### TASK INSTRUCTIONS
Here is a listing. Write it all out again exactly, but not its pictures.

### SUPPLIED RECORDS
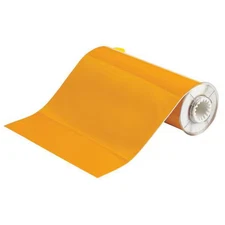 Brady 51586 Thermal Transfer Label, Yellow Reflective, Labels/Roll: Continuous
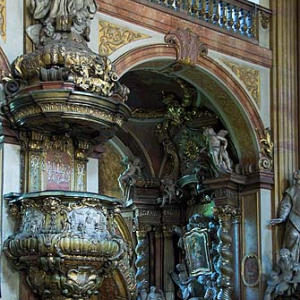 Dolnoslaskie. Wroclaw, wnetrze kosciola Uniwersyteckiego imienia Jezus.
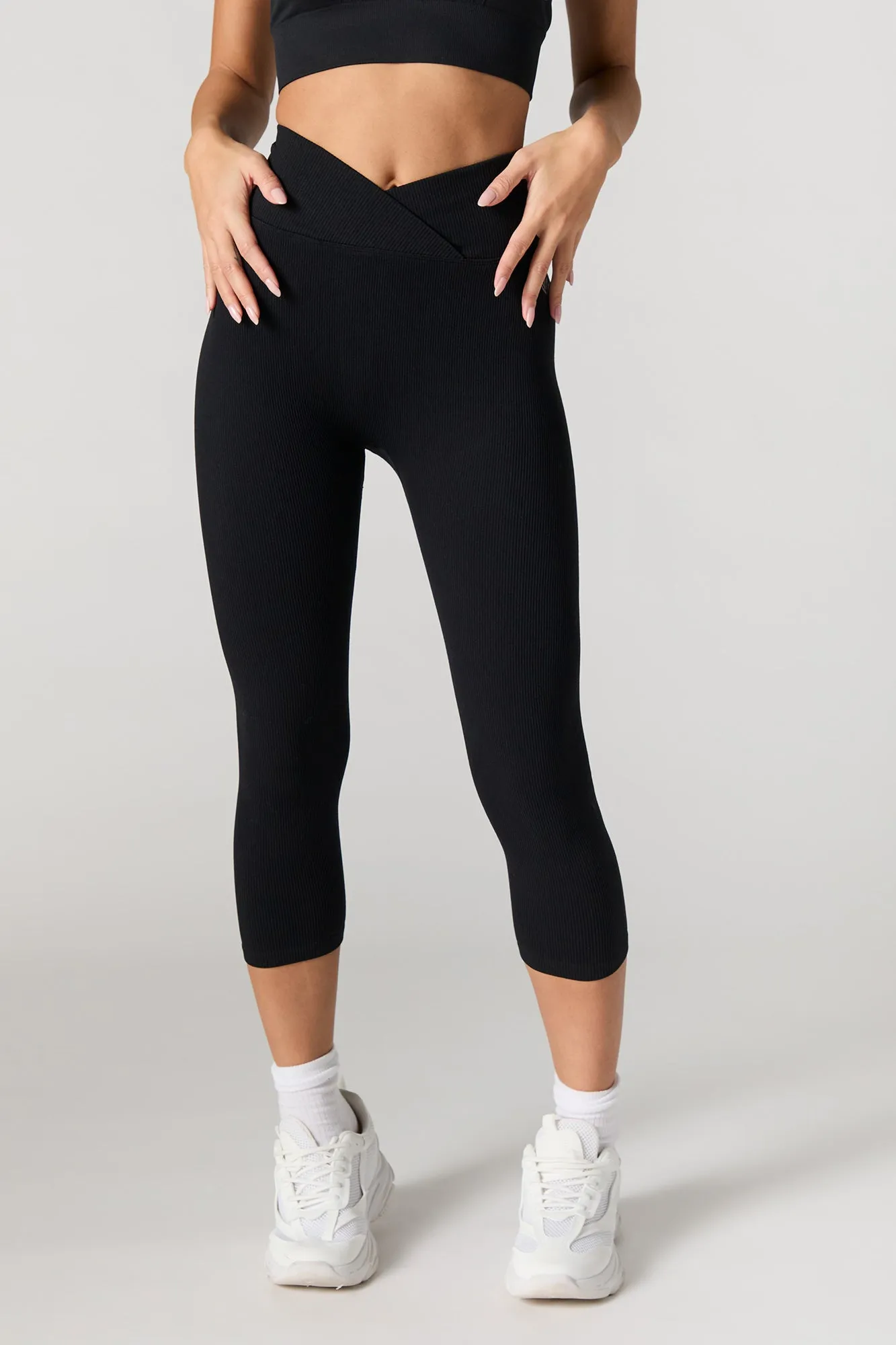 Active Seamless Surplice Cropped Legging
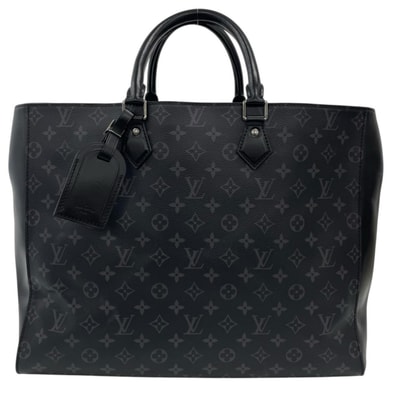 ルイヴィトン グランサック モノグラムエクリプス ハンドバッグ モノグラムエクリプス M44733 ブラック メンズ LOUIS VUITTON 中古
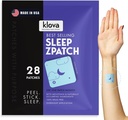 Klova ZSleep Patches for Adults | Natural Sleep Aid with Melatonin, Ashwagandha, Valerian, GABA & L-Theanine | Fall Asleep Faster, Stay Asleep Longer & Wake Up Refreshed | 28 Sleep Patches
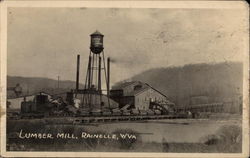 Lumber Mill Postcard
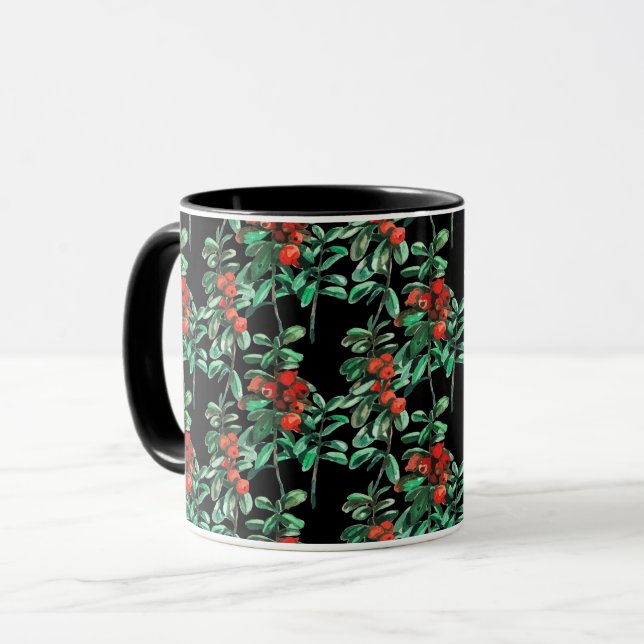 Rote Beeren, Longonbeeren Tasse (Vorderseite Links)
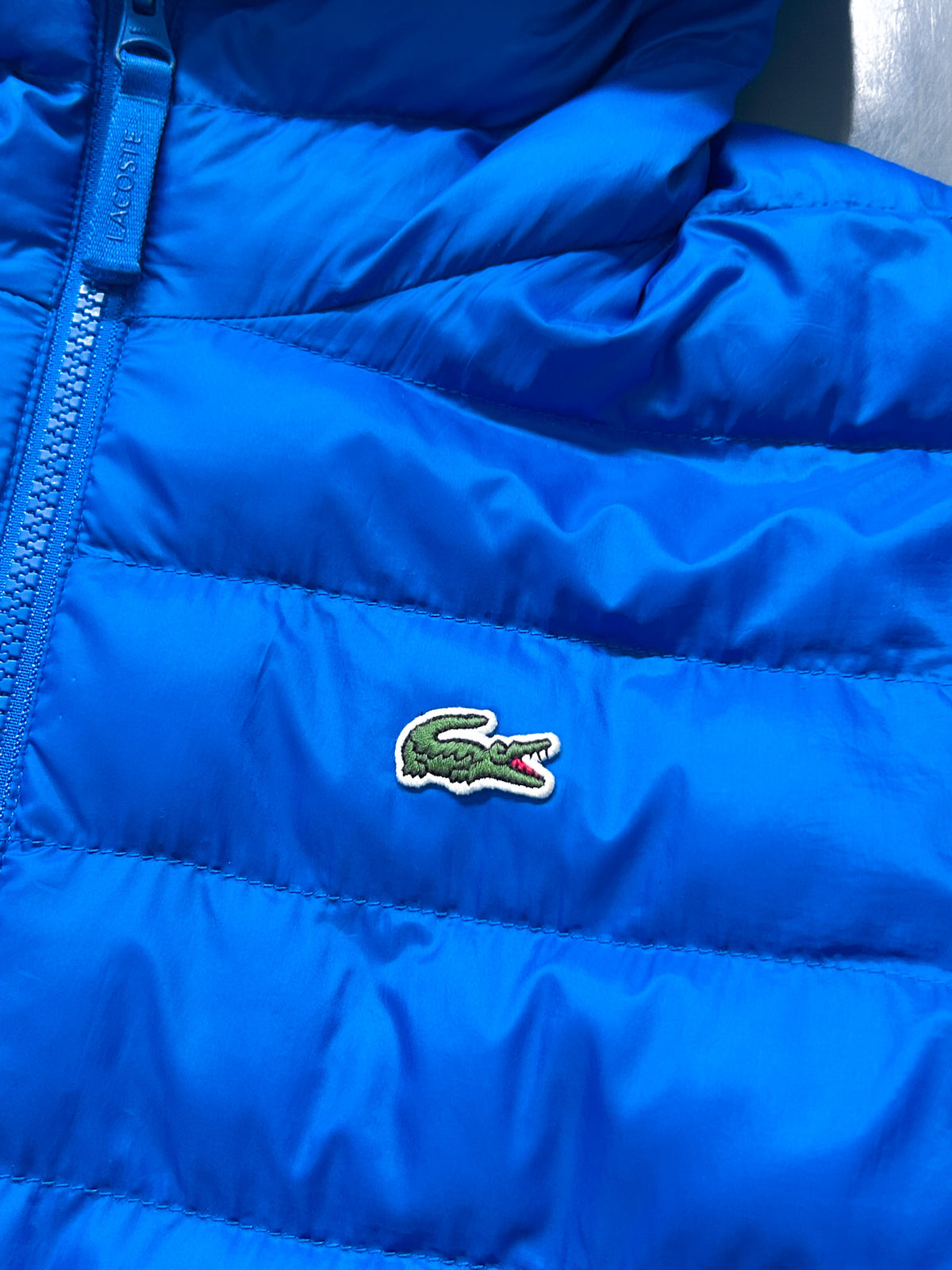 Lacoste Vintage Puffer Jacket | M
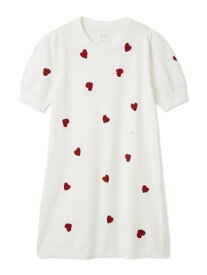 【SALE／20%OFF】gelato pique 【ONLINE限定】エアリーモコハートジャガードワンピース ジェラートピケ インナー・ルームウェア その他のインナー・ルームウェア ホワイト【送料無料】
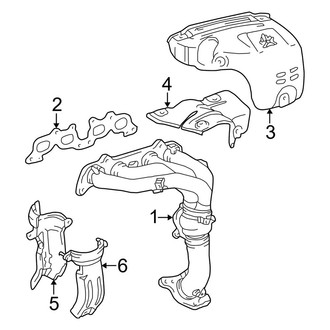 Toyota OE - Exhaust System - Manifold (Federal), (Coupe 2.2L)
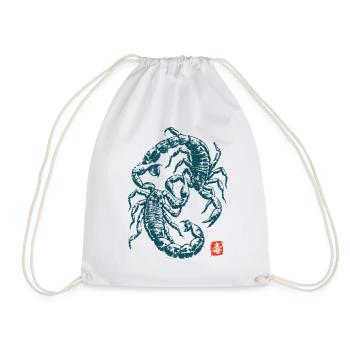 Skorpion Sternzeichen Horoskop Wüste Kanji - Turnbeutel - Weiß - Vorne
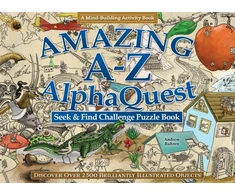 KNYGA Andrew Ruhren Amazing A–Z AlphaQuest Seek &amp; Find Challenge Puzzle Book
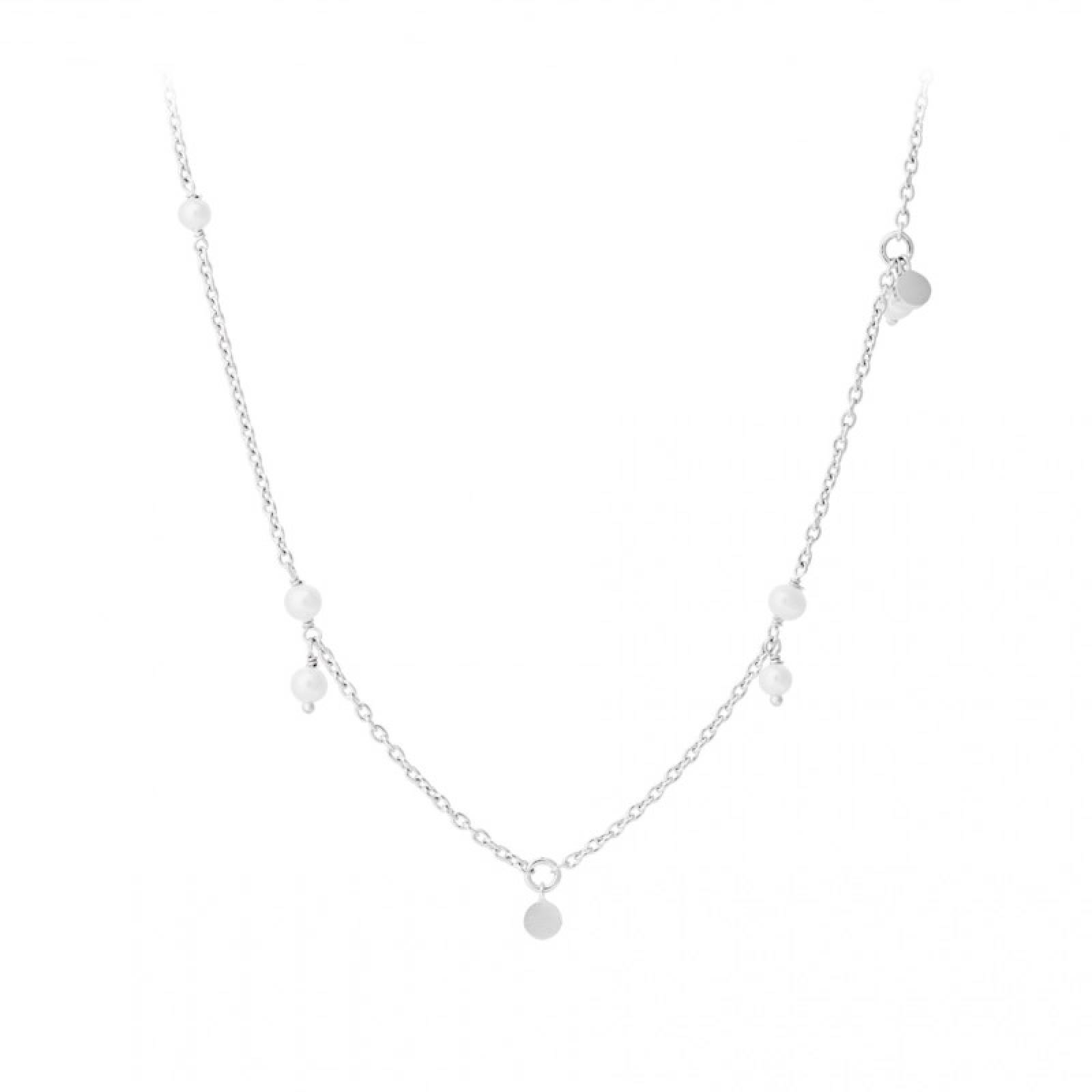 Ocean Pearl Necklace In Silver By Pernille Corydon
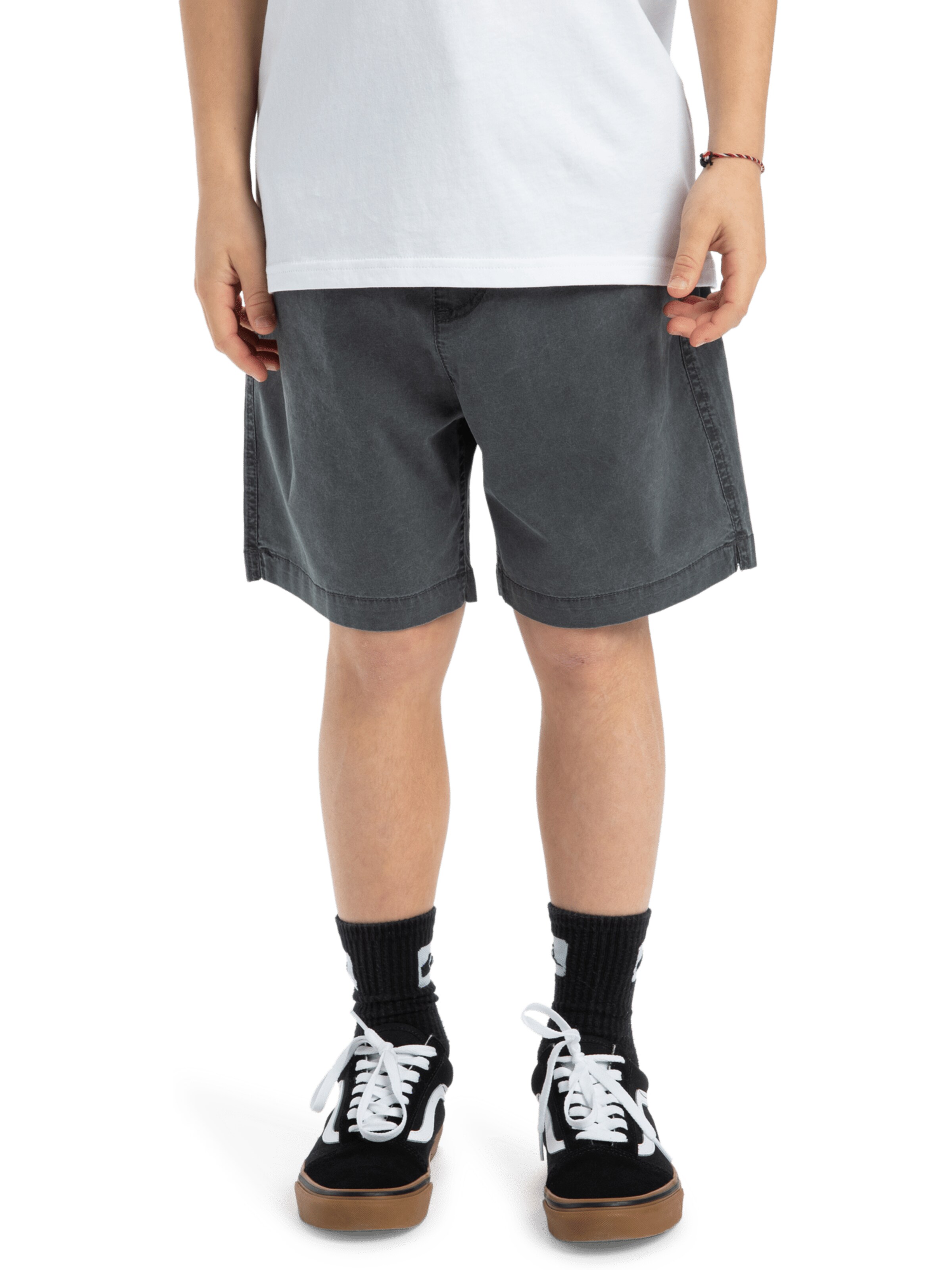 Regular Pantalon 'Taxer Youth' QUIKSILVER en noir : devant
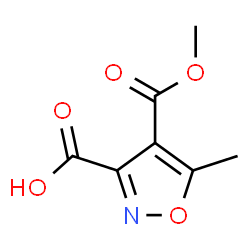 ChemSpider 2D Image | 4-(Methoxycarbonyl)-5-methyl-1,2-oxazole-3-carboxylic acid | C7H7NO5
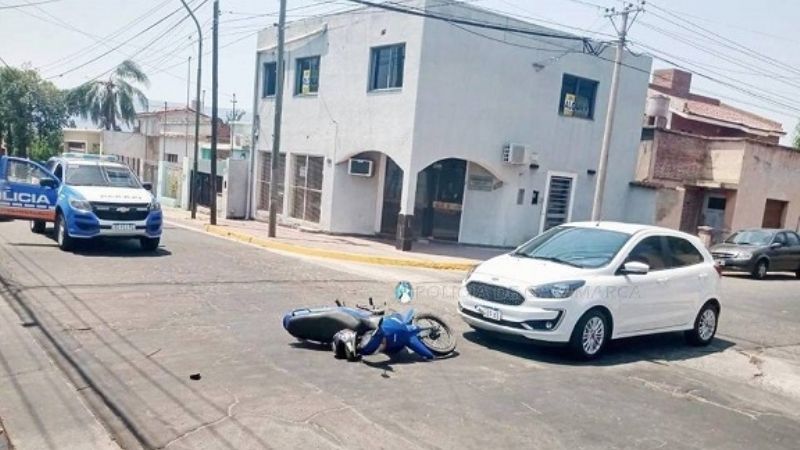 Beba de un año golpeada en un choque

### RESPONSE BELOW
 Brady 51586 Thermal Transfer Label, Yellow Reflective, Labels/Roll: Continuous
 Dolnoslaskie. Wroclaw, wnetrze kosciola Uniwersyteckiego imienia Jezus.
 Active Seamless Surplice Cropped Legging
 ルイヴィトン グランサック モノグラムエクリプス ハンドバッグ モノグラムエクリプス M44733 ブラック メンズ LOUIS VUITTON 中古
 Klova ZSleep Patches for Adults | Natural Sleep Aid with Melatonin, Ashwagandha, Valerian, GABA & L-Theanine | Fall Asleep Faster, Stay Asleep Longer & Wake Up Refreshed | 28 Sleep Patches
 Lumber Mill Postcard
 Rote Beeren, Longonbeeren Tasse (Vorderseite Links)
 Lacoste Vintage Puffer Jacket | M
 【SALE／20%OFF】gelato pique 【ONLINE限定】エアリーモコハートジャガードワンピース ジェラートピケ インナー・ルームウェア その他のインナー・ルームウェア ホワイト【送料無料】
 Toyota OE - Exhaust System - Manifold (Federal), (Coupe 2.2L)
 Skorpion Sternzeichen Horoskop Wüste Kanji - Turnbeutel - Weiß - Vorne
 KNYGA Andrew Ruhren Amazing A–Z AlphaQuest Seek &amp; Find Challenge Puzzle Book
 Ocean Pearl Necklace In Silver By Pernille Corydon
 Regular Pantalon 'Taxer Youth' QUIKSILVER en noir : devant
 ChemSpider 2D Image | 4-(Methoxycarbonyl)-5-methyl-1,2-oxazole-3-carboxylic acid | C7H7NO5
 Beba de un año golpeada en un choque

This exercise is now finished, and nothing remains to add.